Are these valid solutions?

Answer

This question is now old enough to give a full succinct solution confirming your calculations. Using standard notation for order statistics, the likelihood function here is:

$$\begin{aligned}
L_\mathbf{x}(\theta)
&= \prod_{i=1}^n f_X(x_i|\theta) \\[6pt]
&= \prod_{i=1}^n \frac{\theta}{x_i^2} \cdot \mathbb{I}(x_i \geqslant) \\[6pt]
&\propto \prod_{i=1}^n \theta \cdot \mathbb{I}(x_i \geqslant \theta) \\[12pt]
&= \theta^n \cdot \mathbb{I}(0 < \theta \leqslant x_{(1)}). \\[6pt]
\end{aligned}$$

This function is strictly increasing over the range $0 < \theta \leqslant x_{(1)}$ so the MLE is:

$$\hat{\theta} = x_{(1)}.$$


Mean-squared-error of MLE: Rather than deriving the distribution of the estimator, it is quicker in this case to derive the distribution of the estimation error.
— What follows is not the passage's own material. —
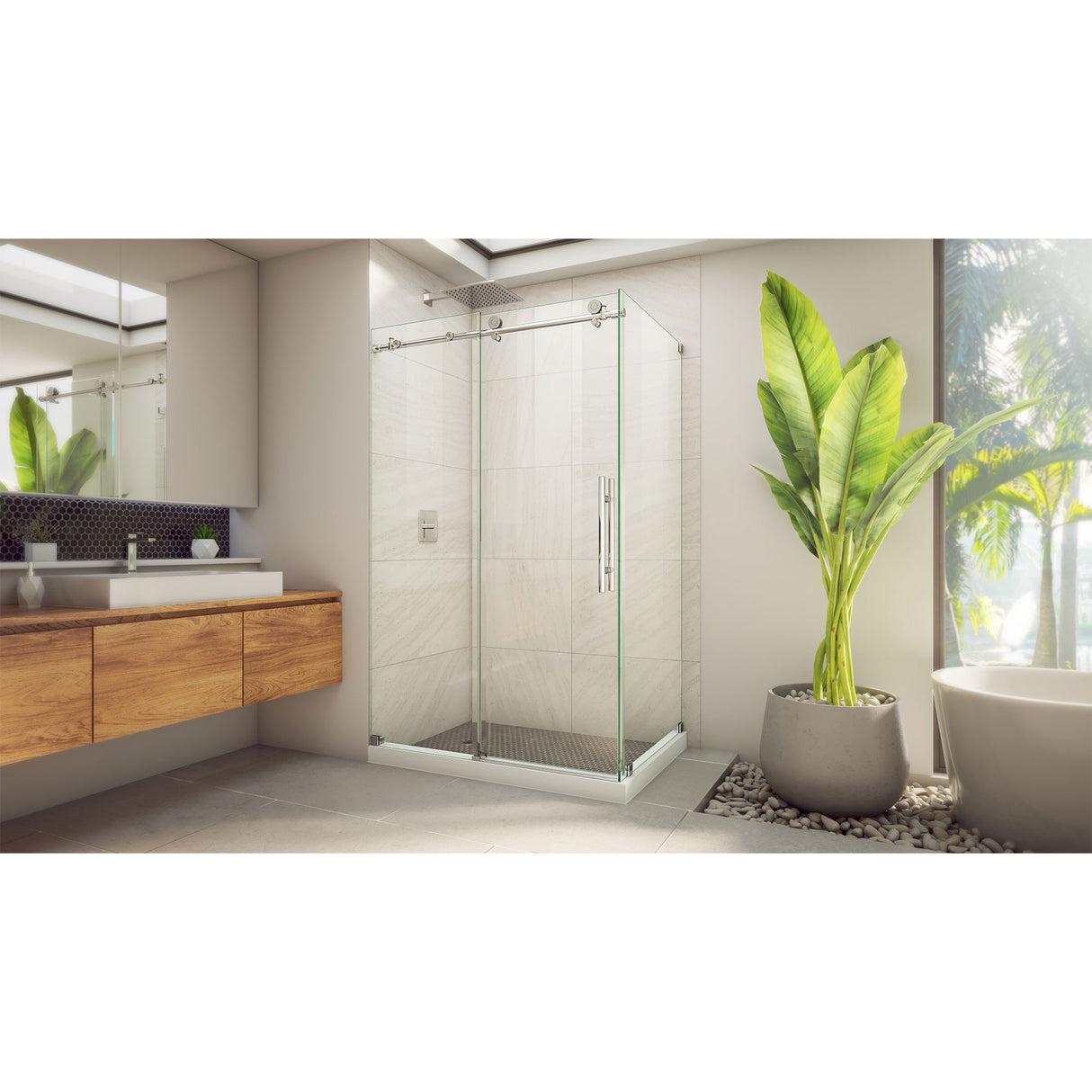 DreamLine Enigma-X 34 1/2 in. D x 48 3/8 in. W x 76 in. H Clear Sliding Shower Enclosure in Polished Stainless Steel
Define the estimation error as $T \equiv \hat{\theta} – \theta$ and note that it has distribution function:

$$\begin{aligned}
F_T(t) \equiv \mathbb{P}(\hat{\theta} – \theta \leqslant t)
&= 1-\mathbb{P}(\hat{\theta} > \theta + t) \\[6pt]
&= 1-\prod_{i=1}^n \mathbb{P}(X_i > \theta + t) \\[6pt]
&= 1-(1-F_X(\theta + t))^n \\[6pt]
&= \begin{cases}
0 & & \text{for } t < 0, \\[6pt]
1 – \Big( \frac{\theta}{\theta + t} \Big)^n & & \text{for } t \geqslant 0. \\[6pt]
\end{cases}
\end{aligned}$$

Thus, the density has support over $t \geqslant 0$, where we have:

$$\begin{aligned}
f_T(t)
\equiv \frac{d F_T}{dt}(t)
&= – n \Big( – \frac{\theta}{(\theta + t)^2} \Big) \Big( \frac{\theta}{\theta + t} \Big)^{n-1} \\[6pt]
&= \frac{n \theta^n}{(\theta + t)^{n+1}}. \\[6pt]
\end{aligned}$$

Assuming that $n>2$, the mean-squared error of the estimator is therefore given by:

$$\begin{aligned}
\text{MSE}(\hat{\theta})
= \mathbb{E}(T^2)
&= \int \limits_0^\infty t^2 \frac{n \theta^n}{(\theta + t)^{n+1}} \ dt \\[6pt]
&= n \theta^n \int \limits_0^\infty \frac{t^2}{(\theta + t)^{n+1}} \ dt \\[6pt]
&= n \theta^n \int \limits_\theta^\infty \frac{(r-\theta)^2}{r^{n+1}} \ dr \\[6pt]
&= n \theta^n \int \limits_\theta^\infty \Big[ r^{-(n-1)} – 2 \theta r^{-n} + \theta^2 r^{-(n+1)} \Big] \ dr \\[6pt]
&= n \theta^n \Bigg[ -\frac{r^{-(n-2)}}{n-2} + \frac{2 \theta r^{-(n-1)}}{n-1} – \frac{\theta^2 r^{-n}}{n} \Bigg]_{r = \theta}^{r \rightarrow \infty} \\[6pt]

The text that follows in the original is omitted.